__What is required__
Below are some records; quote exactly the lines from the one that contains "54501-8H310 передний нижний" through the one that contains "1880 Kittanning Pike, Parker", inclusive, and no others.
BEGIN Records provided
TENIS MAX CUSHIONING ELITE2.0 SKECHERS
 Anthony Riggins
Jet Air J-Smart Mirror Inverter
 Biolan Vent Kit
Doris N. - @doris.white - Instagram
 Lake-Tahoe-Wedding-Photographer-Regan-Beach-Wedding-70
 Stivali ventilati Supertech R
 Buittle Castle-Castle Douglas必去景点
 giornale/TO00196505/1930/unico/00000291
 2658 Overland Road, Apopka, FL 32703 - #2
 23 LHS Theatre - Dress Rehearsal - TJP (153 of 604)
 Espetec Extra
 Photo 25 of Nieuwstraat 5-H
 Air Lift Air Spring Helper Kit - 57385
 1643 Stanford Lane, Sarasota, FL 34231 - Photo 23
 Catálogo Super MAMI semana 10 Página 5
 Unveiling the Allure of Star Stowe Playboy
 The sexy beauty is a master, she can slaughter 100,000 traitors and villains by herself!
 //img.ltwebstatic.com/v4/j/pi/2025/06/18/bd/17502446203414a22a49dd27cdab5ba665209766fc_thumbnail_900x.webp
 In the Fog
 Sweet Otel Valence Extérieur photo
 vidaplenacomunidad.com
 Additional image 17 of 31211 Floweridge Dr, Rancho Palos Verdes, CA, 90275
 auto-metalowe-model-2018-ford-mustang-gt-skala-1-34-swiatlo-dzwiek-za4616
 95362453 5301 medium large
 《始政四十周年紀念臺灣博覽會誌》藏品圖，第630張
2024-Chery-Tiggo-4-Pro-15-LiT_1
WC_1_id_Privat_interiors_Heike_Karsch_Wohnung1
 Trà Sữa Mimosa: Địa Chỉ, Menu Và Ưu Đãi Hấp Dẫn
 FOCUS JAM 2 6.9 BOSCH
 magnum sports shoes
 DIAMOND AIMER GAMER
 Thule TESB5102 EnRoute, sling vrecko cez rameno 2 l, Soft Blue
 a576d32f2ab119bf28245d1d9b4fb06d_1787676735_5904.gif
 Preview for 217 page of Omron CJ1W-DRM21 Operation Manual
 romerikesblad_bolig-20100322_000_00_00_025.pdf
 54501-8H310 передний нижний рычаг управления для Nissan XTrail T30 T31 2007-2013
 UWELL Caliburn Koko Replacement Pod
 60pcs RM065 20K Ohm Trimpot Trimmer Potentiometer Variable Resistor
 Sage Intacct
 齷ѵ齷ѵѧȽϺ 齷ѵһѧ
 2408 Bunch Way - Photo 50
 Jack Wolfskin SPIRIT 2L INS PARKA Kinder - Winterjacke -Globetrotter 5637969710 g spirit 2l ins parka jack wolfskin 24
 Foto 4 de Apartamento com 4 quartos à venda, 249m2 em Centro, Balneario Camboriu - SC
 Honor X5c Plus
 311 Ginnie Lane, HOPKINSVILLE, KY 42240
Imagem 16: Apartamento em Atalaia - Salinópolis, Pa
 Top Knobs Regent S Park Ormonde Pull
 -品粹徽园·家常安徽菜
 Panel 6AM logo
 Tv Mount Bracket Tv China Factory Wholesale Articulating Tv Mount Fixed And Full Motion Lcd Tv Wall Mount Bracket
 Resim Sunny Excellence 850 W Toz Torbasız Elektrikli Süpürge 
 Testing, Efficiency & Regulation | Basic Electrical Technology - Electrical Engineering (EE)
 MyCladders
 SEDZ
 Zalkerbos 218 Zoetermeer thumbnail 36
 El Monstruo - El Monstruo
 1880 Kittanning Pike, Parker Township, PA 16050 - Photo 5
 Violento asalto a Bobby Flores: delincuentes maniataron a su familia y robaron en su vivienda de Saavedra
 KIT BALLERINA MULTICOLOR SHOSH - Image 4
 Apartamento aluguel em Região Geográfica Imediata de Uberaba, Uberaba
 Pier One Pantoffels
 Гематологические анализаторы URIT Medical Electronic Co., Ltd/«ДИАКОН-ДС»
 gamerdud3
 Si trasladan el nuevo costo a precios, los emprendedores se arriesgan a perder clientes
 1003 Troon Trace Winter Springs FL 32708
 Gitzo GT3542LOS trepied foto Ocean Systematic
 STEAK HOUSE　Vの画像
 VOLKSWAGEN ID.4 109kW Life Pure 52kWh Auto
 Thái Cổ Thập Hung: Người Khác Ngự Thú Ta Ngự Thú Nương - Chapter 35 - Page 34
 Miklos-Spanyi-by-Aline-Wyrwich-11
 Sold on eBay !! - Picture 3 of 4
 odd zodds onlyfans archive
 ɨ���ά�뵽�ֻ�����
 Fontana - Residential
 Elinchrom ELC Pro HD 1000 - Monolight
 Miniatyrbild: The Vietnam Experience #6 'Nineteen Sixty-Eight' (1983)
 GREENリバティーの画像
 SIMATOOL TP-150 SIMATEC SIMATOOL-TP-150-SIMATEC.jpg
END Records provided
__Solution__
 54501-8H310 передний нижний рычаг управления для Nissan XTrail T30 T31 2007-2013
 UWELL Caliburn Koko Replacement Pod
 60pcs RM065 20K Ohm Trimpot Trimmer Potentiometer Variable Resistor
 Sage Intacct
 齷ѵ齷ѵѧȽϺ 齷ѵһѧ
 2408 Bunch Way - Photo 50
 Jack Wolfskin SPIRIT 2L INS PARKA Kinder - Winterjacke -Globetrotter 5637969710 g spirit 2l ins parka jack wolfskin 24
 Foto 4 de Apartamento com 4 quartos à venda, 249m2 em Centro, Balneario Camboriu - SC
 Honor X5c Plus
 311 Ginnie Lane, HOPKINSVILLE, KY 42240
Imagem 16: Apartamento em Atalaia - Salinópolis, Pa
 Top Knobs Regent S Park Ormonde Pull
 -品粹徽园·家常安徽菜
 Panel 6AM logo
 Tv Mount Bracket Tv China Factory Wholesale Articulating Tv Mount Fixed And Full Motion Lcd Tv Wall Mount Bracket
 Resim Sunny Excellence 850 W Toz Torbasız Elektrikli Süpürge 
 Testing, Efficiency & Regulation | Basic Electrical Technology - Electrical Engineering (EE)
 MyCladders
 SEDZ
 Zalkerbos 218 Zoetermeer thumbnail 36
 El Monstruo - El Monstruo
 1880 Kittanning Pike, Parker Township, PA 16050 - Photo 5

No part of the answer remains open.